I know it’s easy for me to say, because I am not there.

But it is important to keep experience and wisdom in the profession.

Don’t let them push you out.

Do what you love and what you believe in.

Be there the day this war on teachers ends, a victim of its inanity, stupidity, and ignorance.

Be there for your students.

This is a teacher who couldn’t take it anymore.

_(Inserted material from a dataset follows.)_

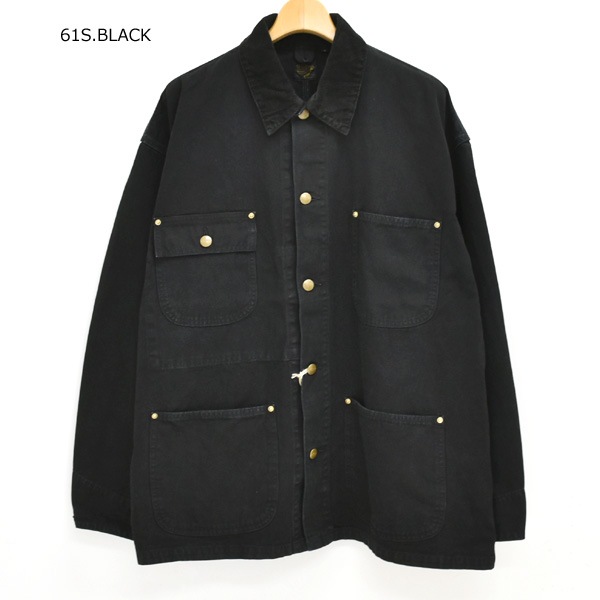 orSlow ���������� ���å����ե��å� ���С������� ���㥱�å� RELAX FIT OXFORD COVERALL 01-6034������̵����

I retired early with just 20 years because the profession I have been so dedicated to and passionate about my entire life has been trashed by reformers like this idiot who don’t know what they are talking about; by the mayor and his educrats who have taken to vilifying teachers and disrespecting us at every turn; by the principals who haven’t taught long enough to be considered pedagogical experts on anything; by the most micromanaged, scripted, suffocating instructional mandates (everyone teaching the same lesson on the same day at the same time…day1, day2, day 3, day4, day 5, test); by the incessant and overwhelming collection of data that appears to have more value than actual creative planning and professional judgement. We have principals and Network leaders whose english and communication skills are abysmal; superintendents who don’t visit the schools they oversee; and a culture that supports the abusive and punitive treatment of teachers. This is antithetical to everything that made me want to become a teacher. New York City has lost many outstanding and experienced teachers in the past 5 years who left because they refuse to continue working under such conditions. Under the current system of school based budgeting, it’s always a good thing when a senior teacher leaves -they can hire two teachers at half the salary. When you’re looking at numbers and not people, that’s what really matters.